Who are you? You are meant for relationship, for community. The church is that community that affirms each one as beloved child of God, across geography and time. We are part of a great cloud of witnesses.

Who are you? You are a creature of the earth, your DNA only infinitesimally different from that of all other creatures, yet our origin stories tells us we were given the role of being stewards of all the creatures, caretakers of the earth. We are, in fact, co-creators, coming, as we do, from a creative God. We are makers of music, of art, of dance, or poetry. We are creators of homes and shelters, tenders of gardens, sewers of quilts and clothing, cabinet-makers, carvers of wood and stone.

Who are you? You are a disciple of Christ, a follower of the teachings and the Way of Jesus.
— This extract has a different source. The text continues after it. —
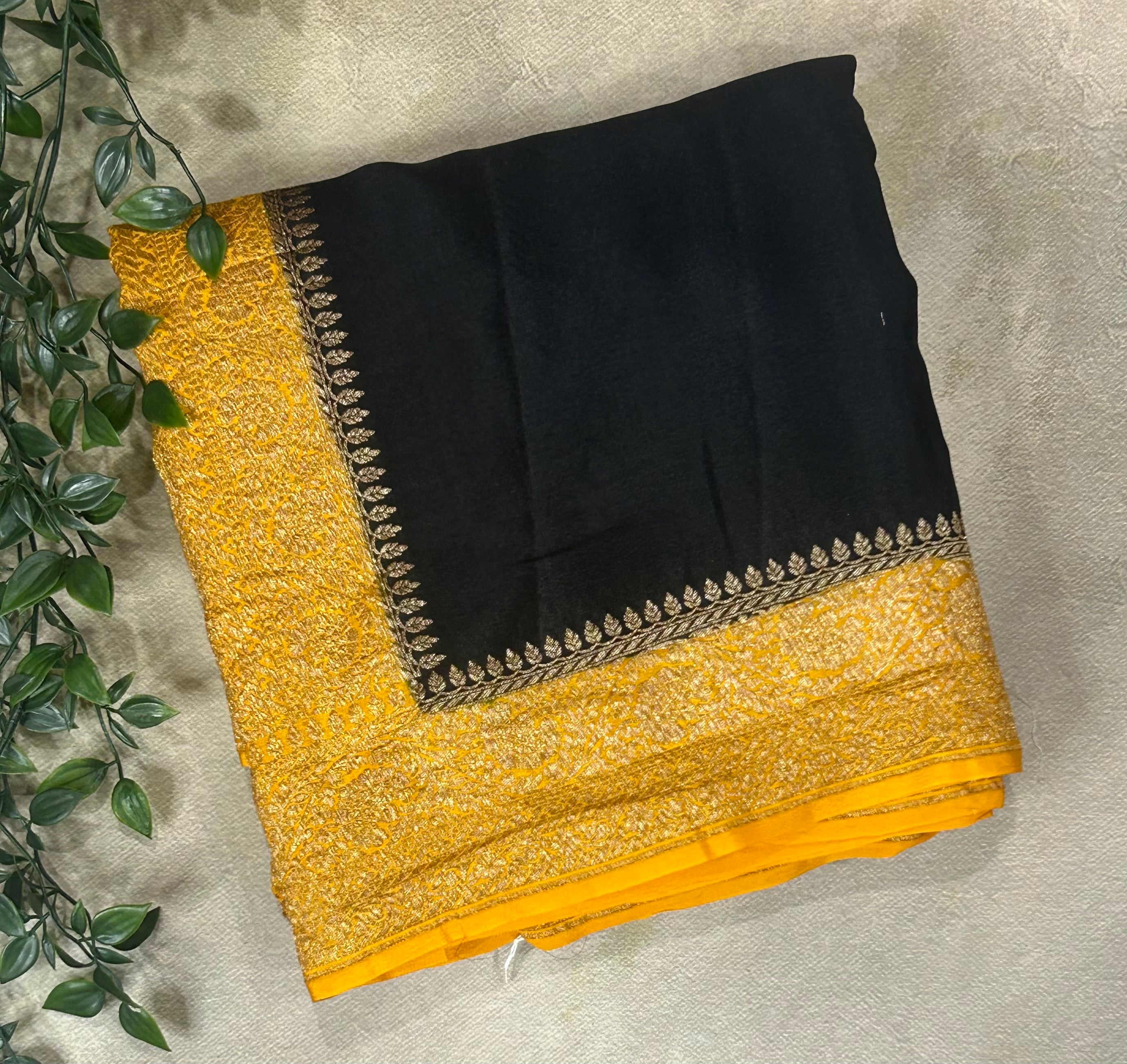 Black n yellow pure banarasi crepe 102 silk saree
Like Jesus, you have the potential to become fully human and fully divine, the glory of God being the human being fully alive.

The stories we tell about ourselves shape us. How we perceive ourselves affects how we act. Experiments in positive psychology have shown how self-perception changes actions. When we see ourselves doing even a small act of compassion or kindness, we begin to perceive ourselves as compassionate and kind; and we then act more compassionately and kindly. When we give something of ourselves to another or to a cause, we begin to see ourselves as generous and can build on that. Conversely, stories that tell us we are good for nothing, or only to consume, reinforce those self-perceptions and those pathways for acting.

Are we citizens of Empire or citizens of the Earth, author David Korten asks? (The Great Turning, cited on notordinarytimes.org) We must change our stories–or reclaim our stories–if we are to heal the earth and have something beautiful and liveable to pass on to future generations.
Humans from humus [writes Rev. Tom VandeSadt], ancient of lineage,

Extending back to savannahs, oceans,
Stardust, Creator.
Our blood, made red and salty by iron and oceans,
Iron formed by atoms flung into the cosmos by primordial explosions,
Salty from the waters in which our ancestors swam.
Our lungs, filled with oxygen,
Exhaled by light-drinking trees that inhale what we exhale.
Formed by stardust and water, earth dust and sunlight,
We are life among life, creature among creatures,
Kin to every fruit on life’s sacred vine.
Woven by creation’s threads, we are part of, not apart from…

“For all who are led by the Spirit of God are children of God,” Paul wrote. “…I consider that the sufferings of this present time are not worth comparing with the glory about to be revealed to us. For the creation waits with eager longing for the revealing of the sons and daughters of God…

And I am? You are? Beloved, precious children of God, beautiful to behold. All creation waits for us to reclaim and live into that identity. Amen, and amen.